Pondering it over some more, I'm thinking the problems with the normal "endgame content" can pretty much be brought back into two:
- No more rewards. The usual structure for RPG games is that overcoming challenges rewards you with means of making your character stronger. Once your character is maxed out, this structure breaks down. Thus, engame content needs to come up with new kinds of rewards. Unique titles, novelty items, your name on a statue, the satisfaction of knowing you made a difference, etc. etc.

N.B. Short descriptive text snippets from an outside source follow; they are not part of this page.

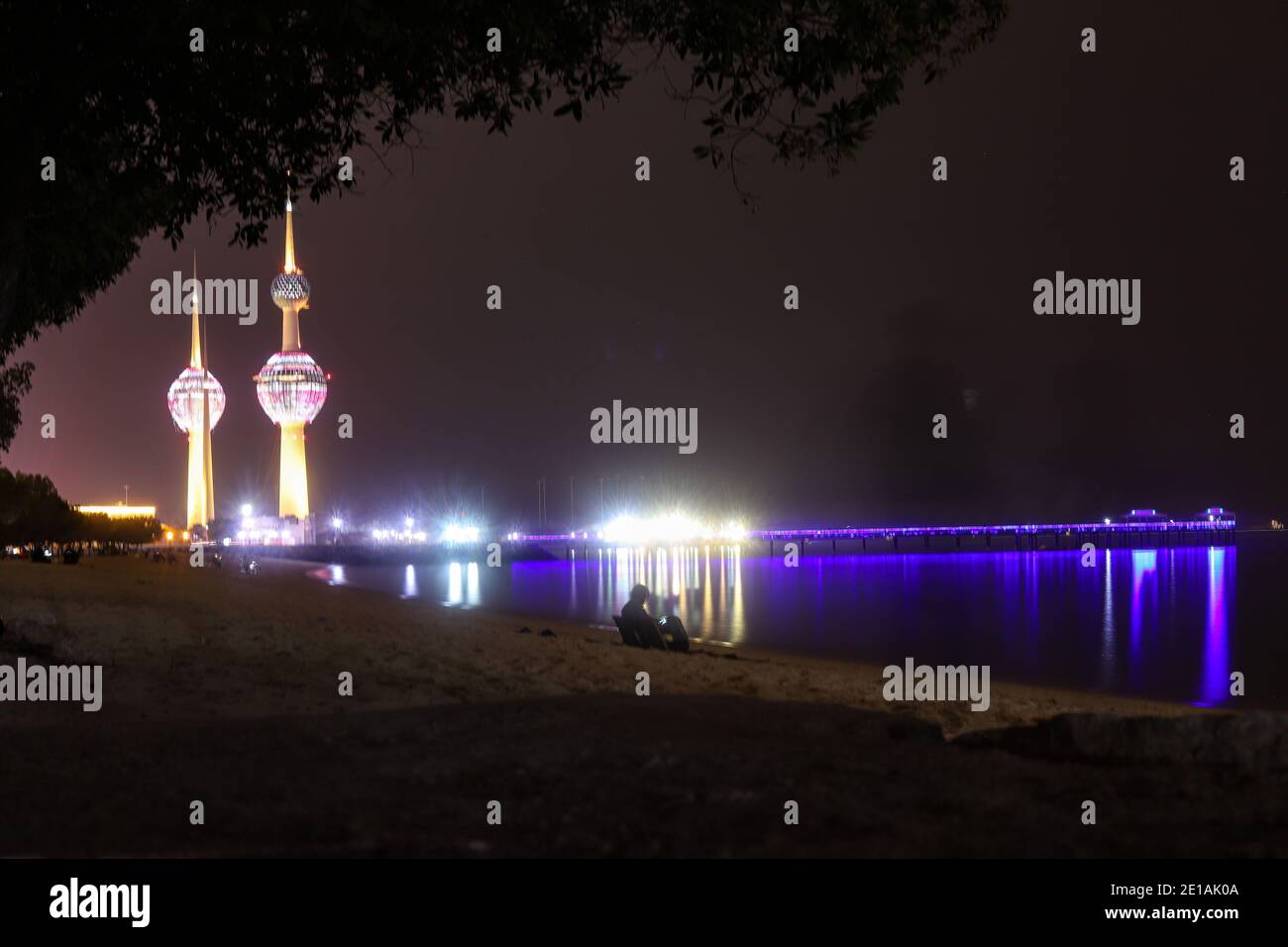 Koweït City at night Banque D'Images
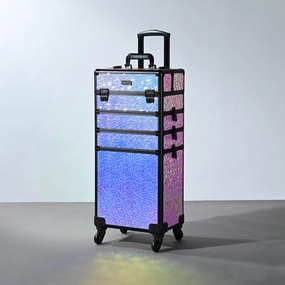 Byootique Pro 4in1 Rolling Makeup Case Cosmetic Trolley w/ Key Lock
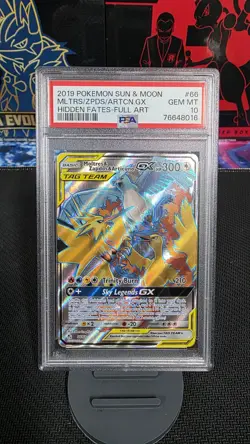 PSA 10 Moltres & Zapdos & Articuno GX Full Art 66/68 Hidden Fates Pokemon Card - Image 1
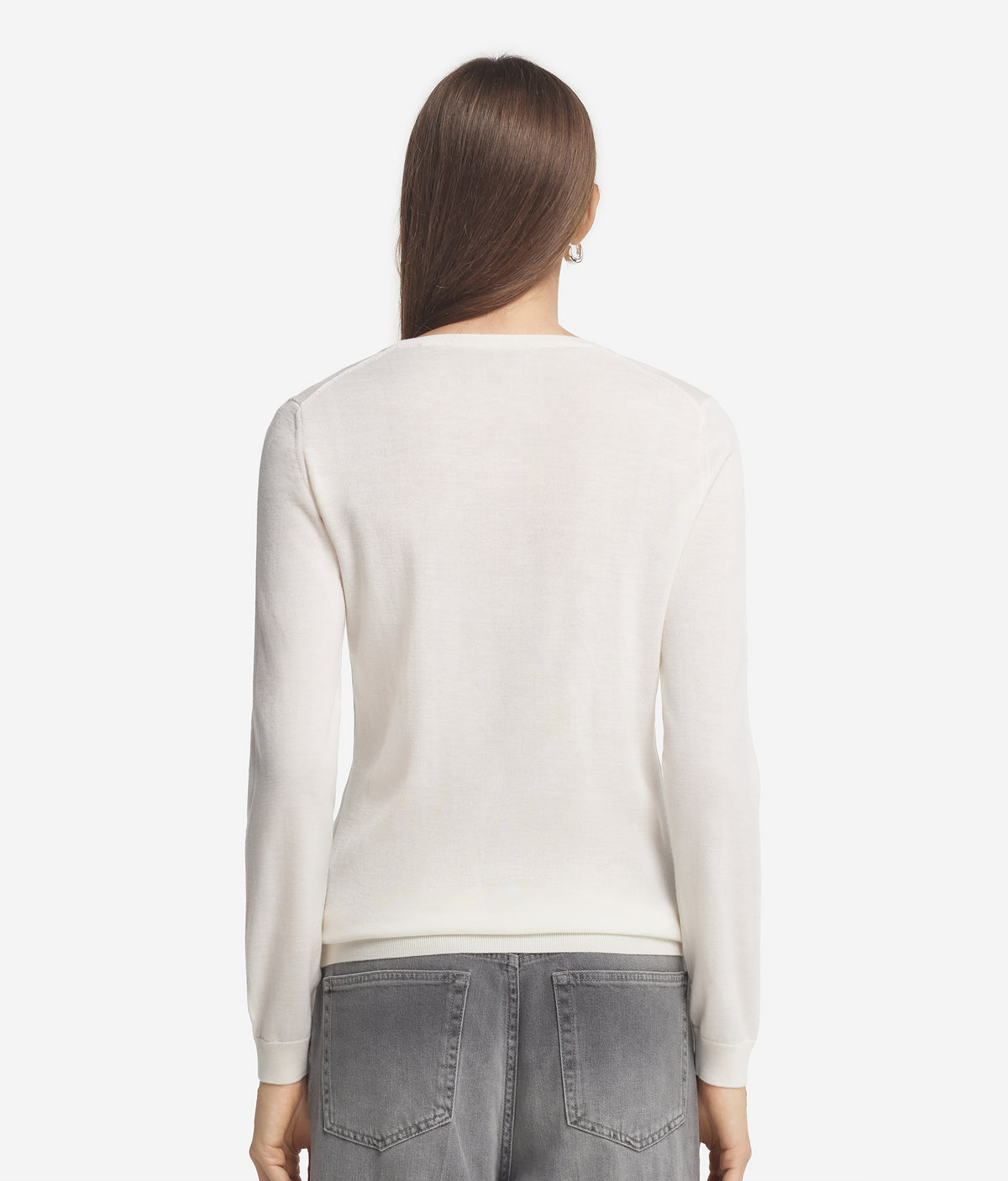 Column Cashmere Crewneck Sweater in Bow, view 3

(Note: In a lot of MMOs, like WoW, once you reach max level you can continue to get stronger by gathering better equipment. Thus this is IMO not 'endgame', but just a 'second stage' of the grinding. You're still improving your character, only by getting equipment instead of levels now. Which brings me to the second point:
- Splits the game into "before" and "after". If the endgame content is something that's pointless to participate in until you're max level, you basicly create two different games: one for the max-level players and one for the not-max-level players. This has the very real danger of the first part (the grind to max level) becoming just a boring and pointless means to the end of reaching the endgame content. Best example here are the WoW players that tell me the game doesn't really start until you're level 70. (Now 80, I guess.) Apparently, for them the grind through the levels is just an obstacle to get to the fun part. While ideally, the grind through the levels should be the fun part, otherwise why even have it in the game? Thus, endgame content needs to be open to all levels. Ofcourse, a level 250 player should still have an appropriate advantage over a level 200 player, otherwise we're still making the leveling part pointless.

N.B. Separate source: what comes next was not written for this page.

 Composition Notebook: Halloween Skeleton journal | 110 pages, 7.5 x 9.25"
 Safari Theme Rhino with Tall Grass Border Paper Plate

iceaxe68 wrote:Get the story moving so we are focused on what is happening and how we can contribute or affect it
Now, as for the 'events that can change the world', I've been thinking about how to implement those in practice and came to the following:
The events that progressed the story that we've had so far had two major flaws. Firstly, they only lasted for a few hours, maybe a day, or rarely a week, and then they were over. During the templebuilding event, everyone was digging or fighting in the Old Lands. During the Halloween invasion week, everyone was killing invasion kitin. Everybody's contributing to what's happening as long as the event lasts, but that's only a week or two, and after it's over there's several months of pointlessness again until the next such event. And secondly, our actions during those events didn't actually accomplish anything beyond the personal rewards we got. The temples would've been built at the end of the event anyway, and the kitin would've disappeared after the Halloween week anyway, no matter what we'd done. There's no real incentive to 'change the world'.

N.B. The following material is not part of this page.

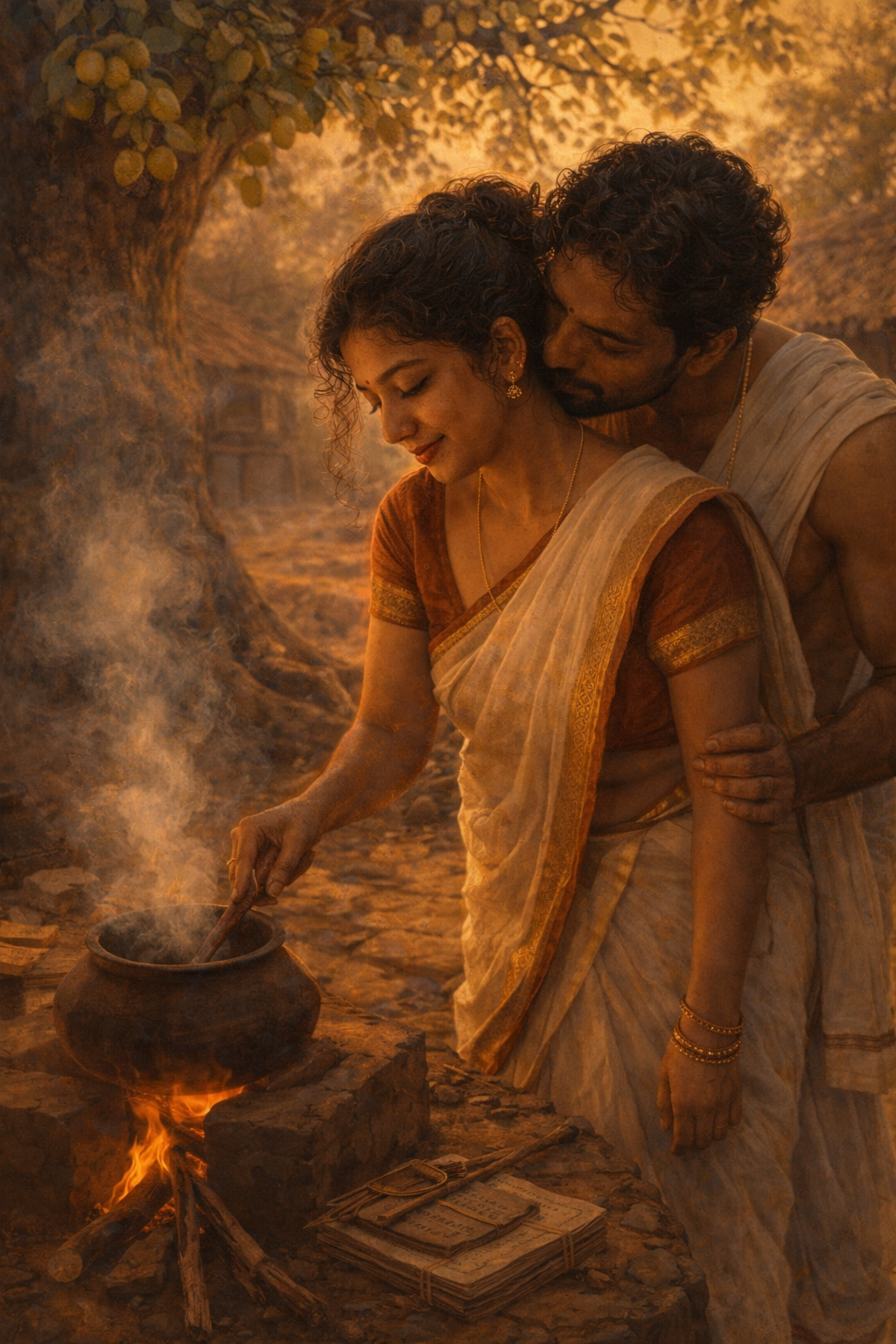 UshaRani cooking by the firewood stove near the bara koli tree, Bishu leaning close to her neck, her eyes closed in happiness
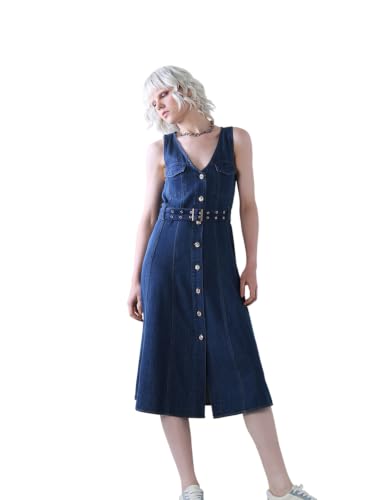ONLY Women's Solid Fit and Flare Blue Dress with Belt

So I'd propose another way of moving the story forward. (To complement those events as above, not to replace them.) Set us a task, and don't move the story forward until it's completed. No matter how long it takes, no matter who completes it, the change in the world doesn't happen until it's completed. No time limit after which the devs do it for us, no making it easier if we don't succeed in a week - Any of that just totally nullifies the feeling that
we are actually changing the world.
In it's simplest format, this would look something like: "A new tunnel between Zoraï and Fyros lands will be built once 10 million pieces of soil have been dug out." Or a new boss could be placed somewhere, guarded by hundreds of superminions that are impossible to seperate from it, but as soon as the boss is killed (just once) it disappears forever and affects some change in the world. A choice element could be incorporated by setting two related goals and whichever is completed first is the only one that takes effect. For example, I think a good concept for the first such task would be: "As soon as the whole server gathers X pieces of this special wood, and crafts Y construction elements out of it, a new outpost will be made active. The players get to choose which outpost by choosing where to turn in their materials."
A lot of fluff can be added to these to make them more fun, and the more the better ofcourse.
But in essence they can be as simple as "gather/kill/craft X of Y amongst the whole server to built a guard tower here". The real importance is that the guard tower then actually
stays there and
does something afterwards, but not until we've completed the task.
It's okay if these things take months to complete - The goal isn't to give us something to do 24/7 for the week that it lasts, like the bigger events, but to give us some way we can contribute to advancing the story at any time we feel like doing something else than leveling. Ideally we'd have about a dozen of these goals 'open' at any time, with new ones being implemented as old ones are completed, so players can choose which one they'd like to work on. Would you like to help build that new Tryker town, or that new Fyros bridge, or to clear that canyon of cuttlers, or to push the Goo back from that ridge, or... etc. etc.
This got a bit longer than I intended, sorry, but I wanted to cover my bases.